Repeat every line from the line containing "My 6 Green Tips For Fall Houseplant Care" to the end of the data, exactly. Leave the pictures out.

MATERIAL FOR THIS EXERCISE section start

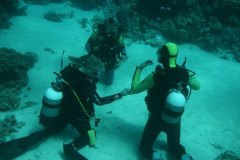 t_longimanus_0449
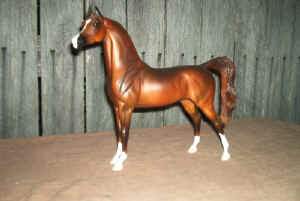 PSYCHE~1.JPG (59439 bytes)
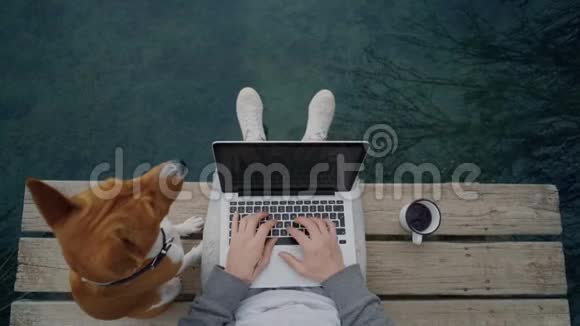自由职业者在湖边的户外工作坐在池塘里视频的预览图
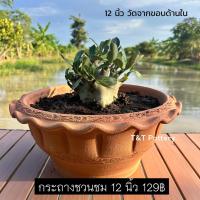 ราคา กระถางต้นไม้ดินเผา กระถางชวนชม กระถาง 12 นิ้ว (วัดจากขอบด้านใน) (41315495192)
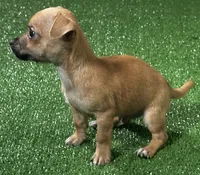 Chihuahua M2, a male Chihuahua for sale in Houston, TX – 3 of 3
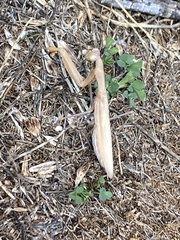 Mantis religiosa religiosa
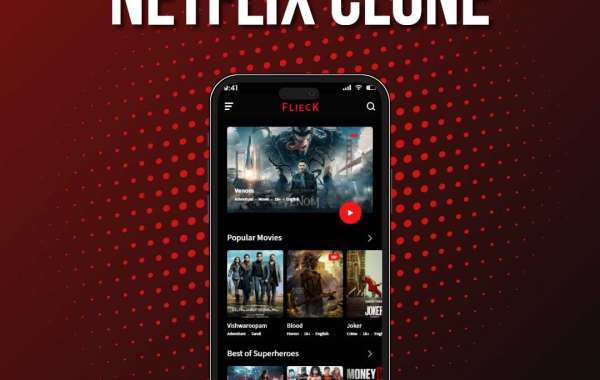 Top 10 Reasons Why a Netflix Clone is in High Demand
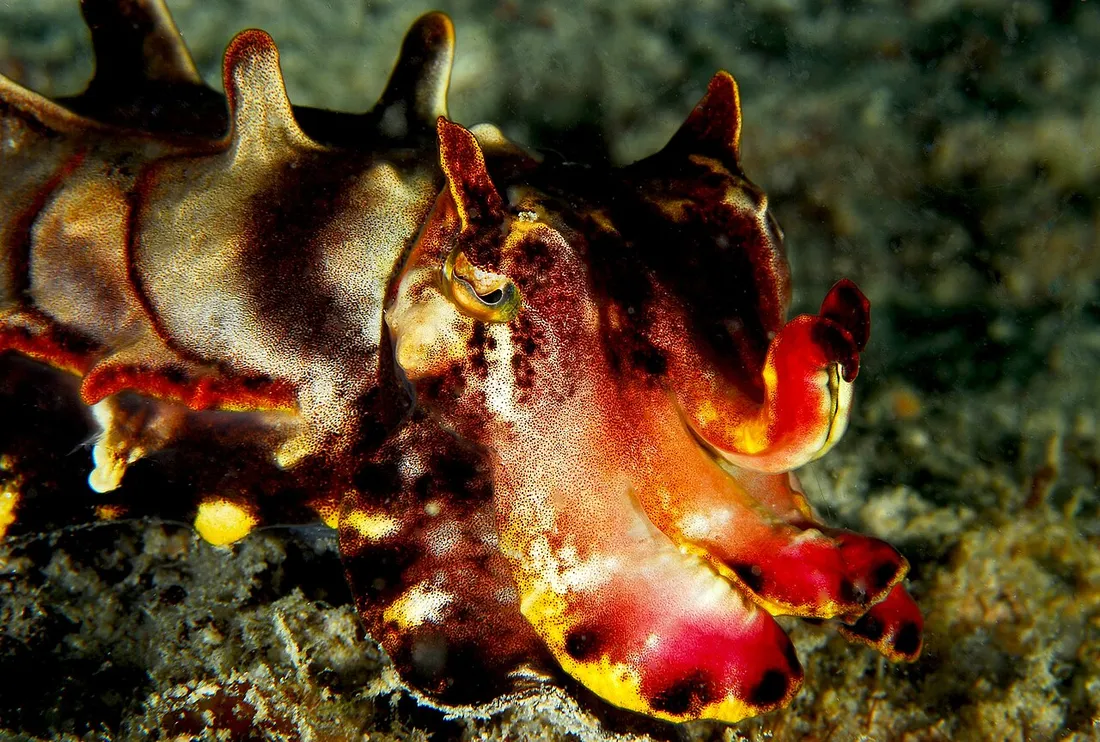 Flamboyant cuttlefish (Metasepia pfefferi) in its aquatic habitat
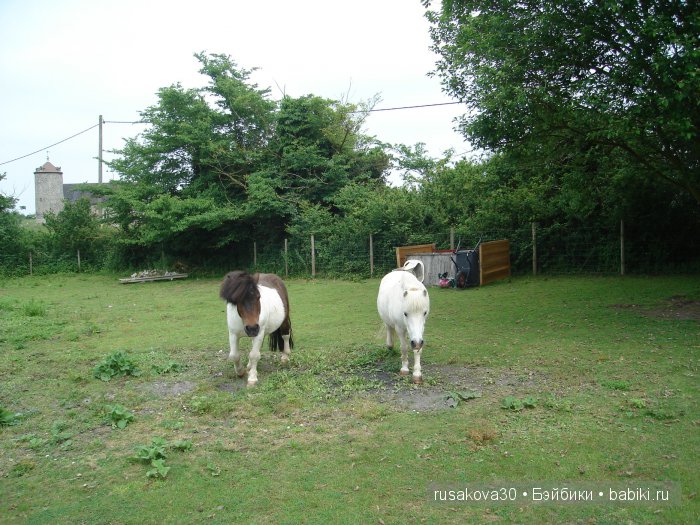 Гномики Аманда и Дитте путешествуют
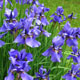 image de Iris sibirica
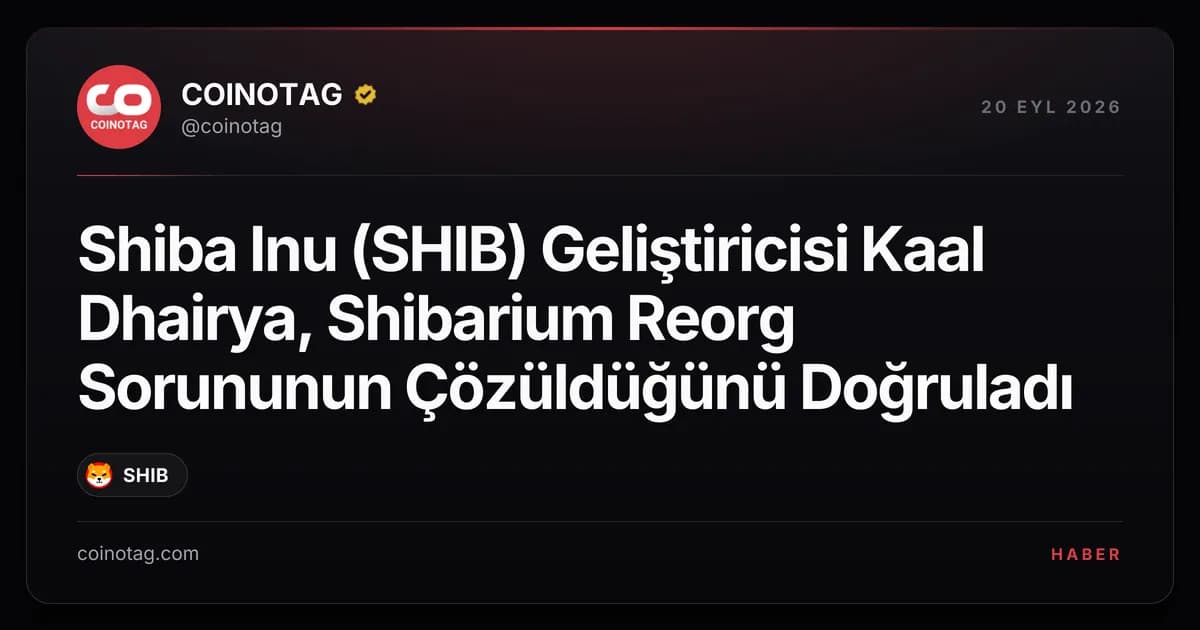Shiba Inu (SHIB) Geliştiricisi Kaal Dhairya, Shibarium Reorg Sorununun Çözüldüğünü Doğruladı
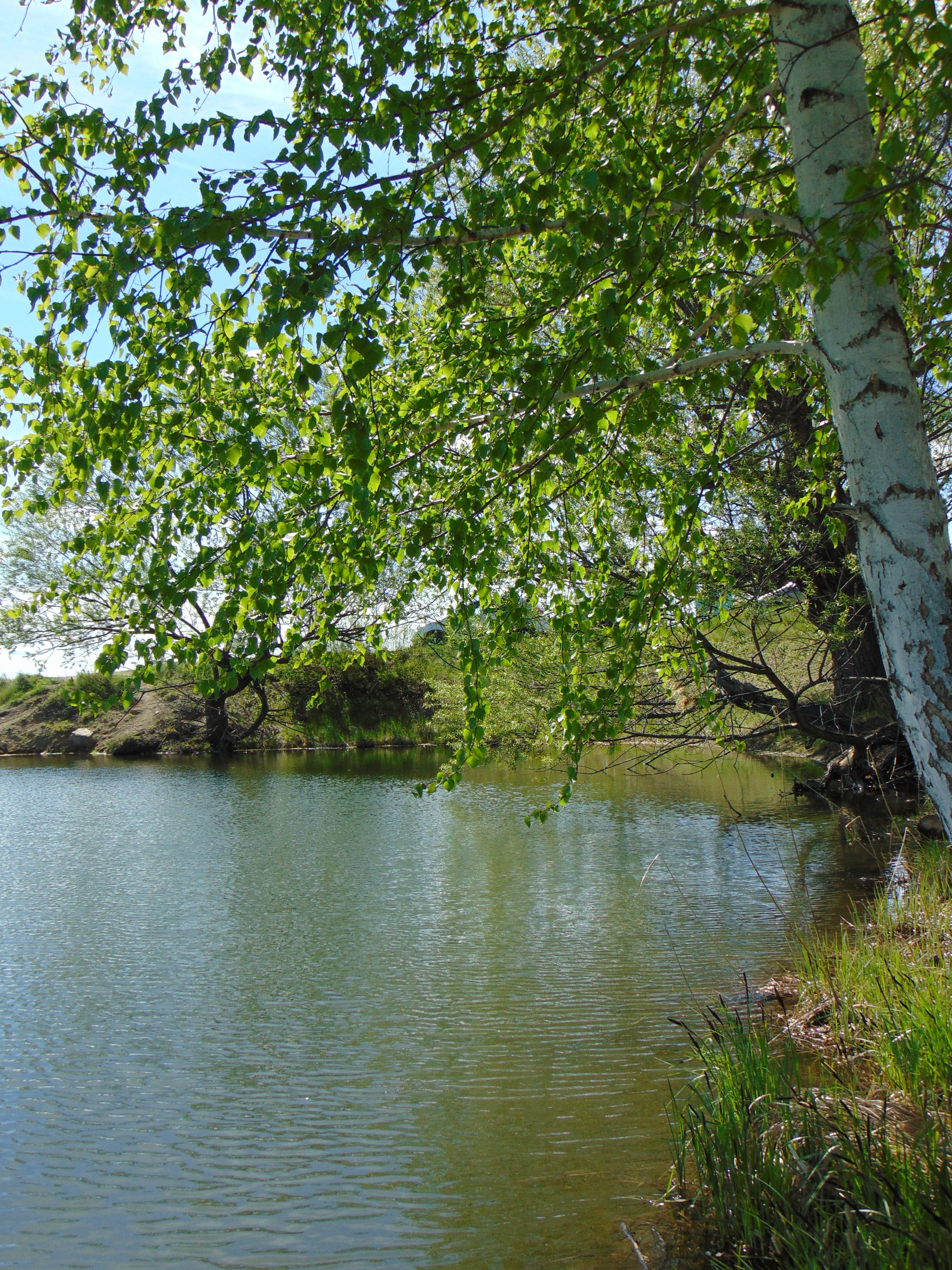 DSC00782.jpg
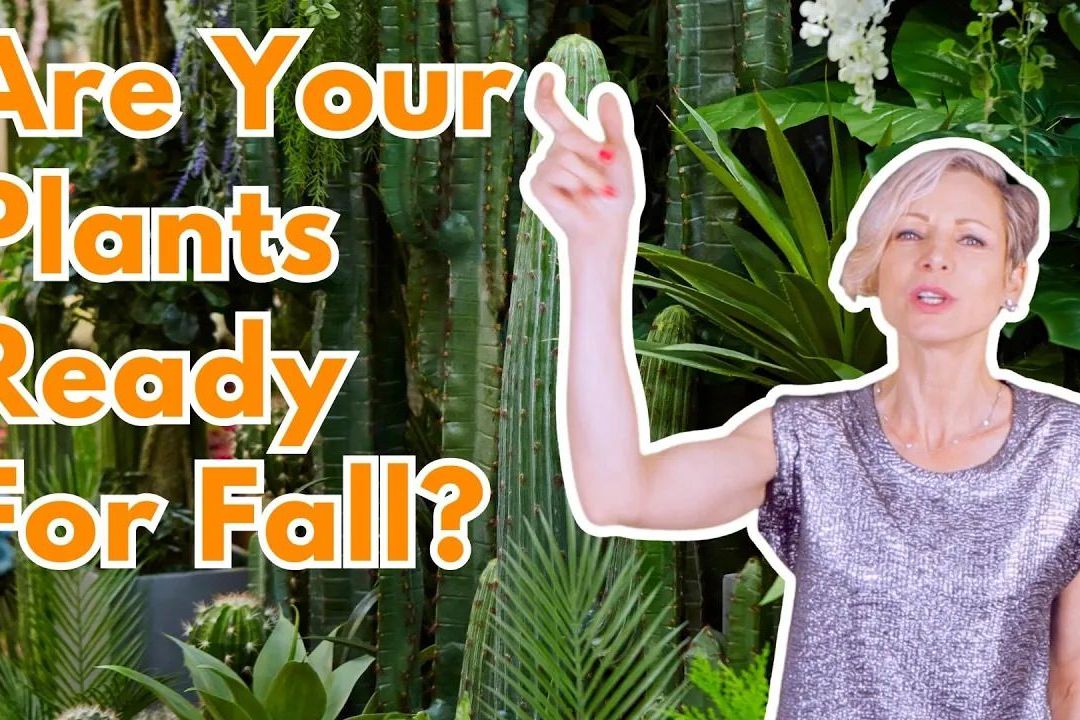 My 6 Green Tips For Fall Houseplant Care
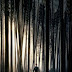 Sinopsis film Robin Hood (2018)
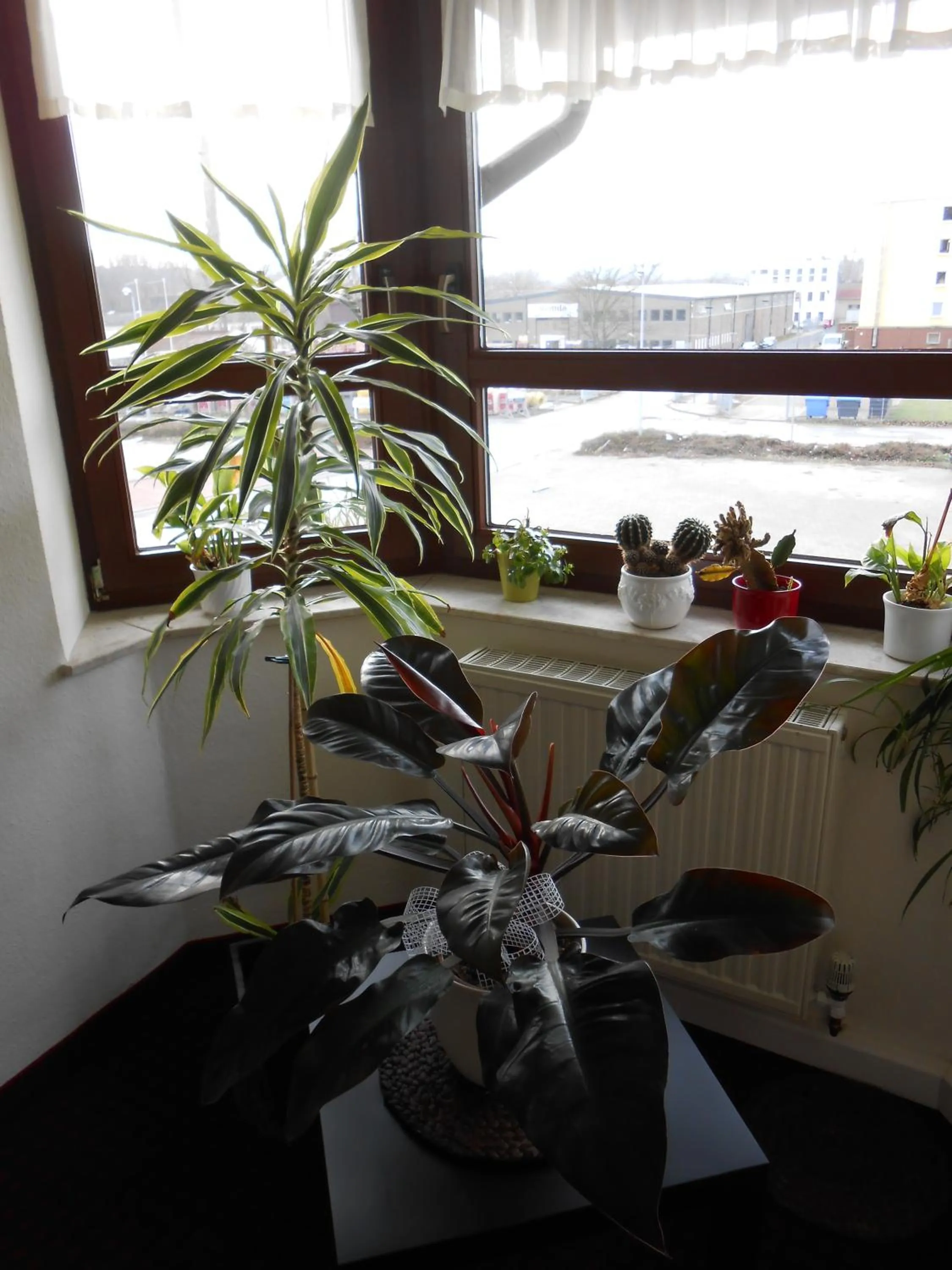 Other in Hotel Weisse Elster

MATERIAL FOR THIS EXERCISE section end

**TASK ANSWER:**
 My 6 Green Tips For Fall Houseplant Care
 Sinopsis film Robin Hood (2018)
 Other in Hotel Weisse Elster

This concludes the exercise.